**WORK REQUEST**
Keep the lines exact and the pictures out as you repeat the following listing.

**INFORMATION SUPPLIED**
====
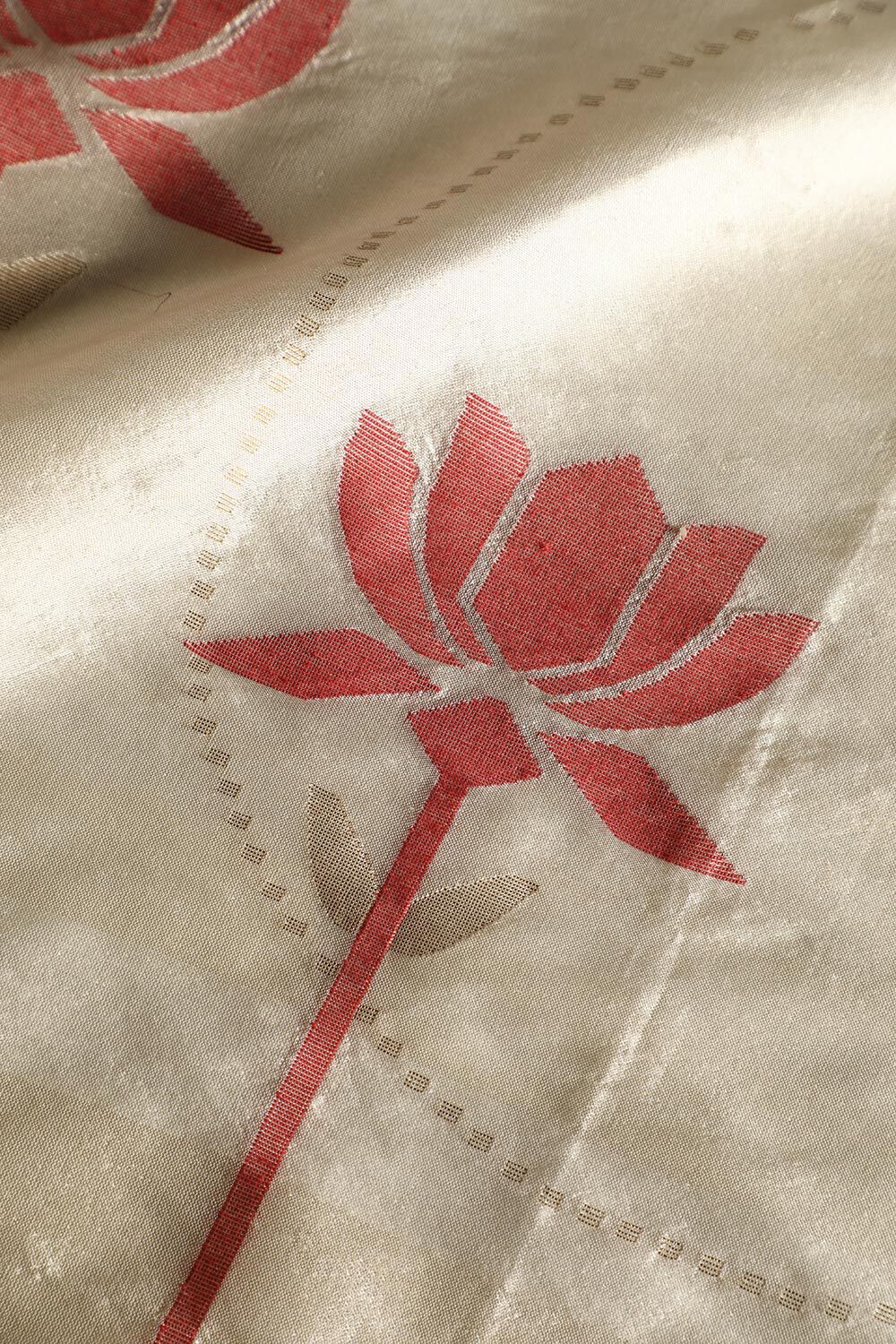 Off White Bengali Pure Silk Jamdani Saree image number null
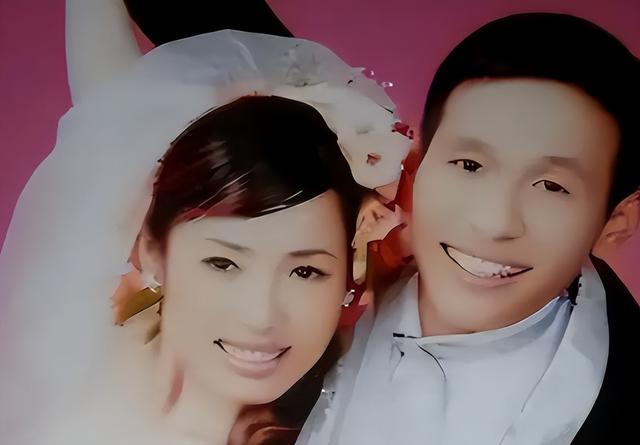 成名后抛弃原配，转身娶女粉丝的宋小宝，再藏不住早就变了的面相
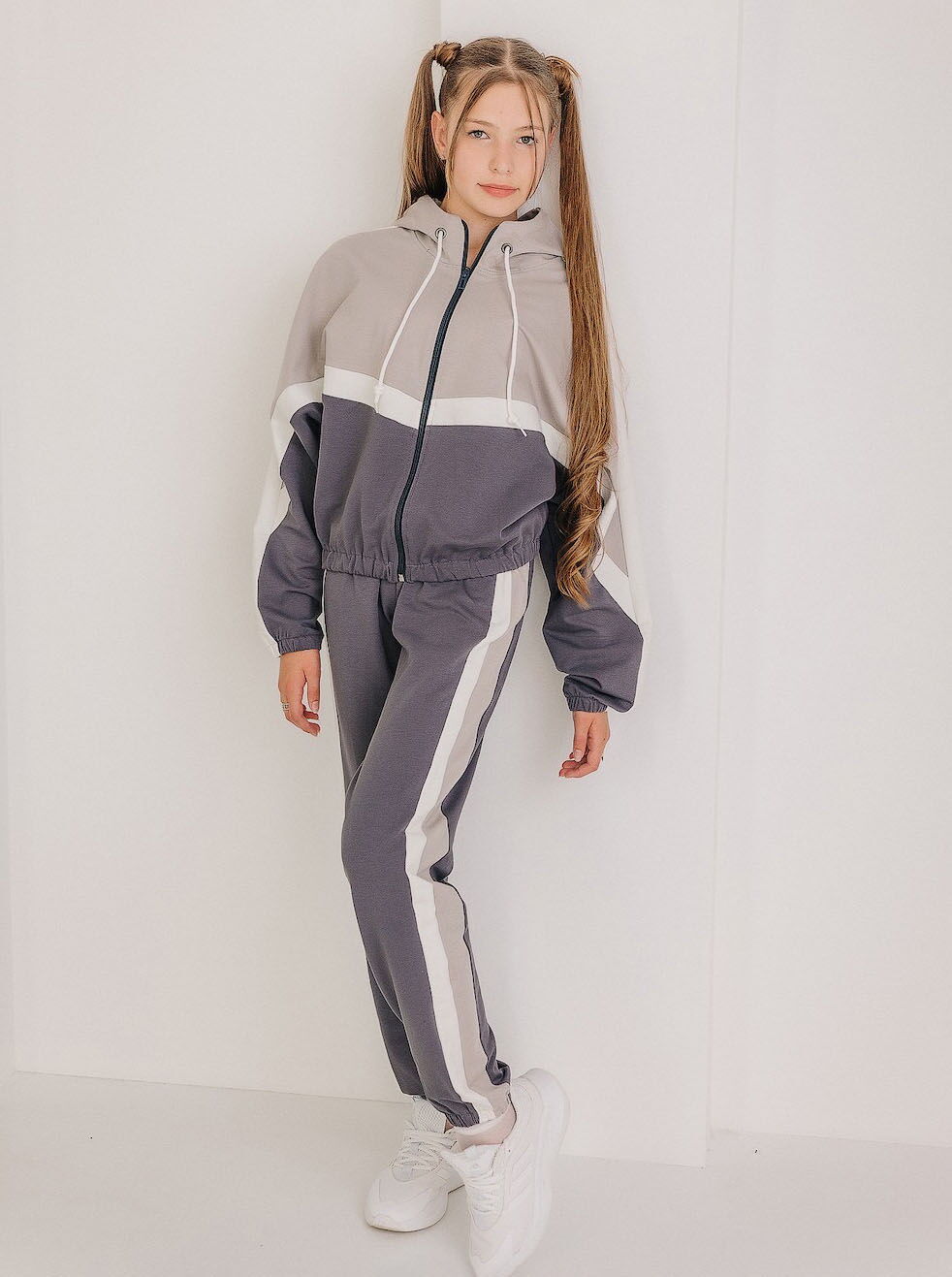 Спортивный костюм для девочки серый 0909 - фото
====
**EXERCISE OUTPUT**
 Off White Bengali Pure Silk Jamdani Saree image number null
 成名后抛弃原配，转身娶女粉丝的宋小宝，再藏不住早就变了的面相
 Спортивный костюм для девочки серый 0909 - фото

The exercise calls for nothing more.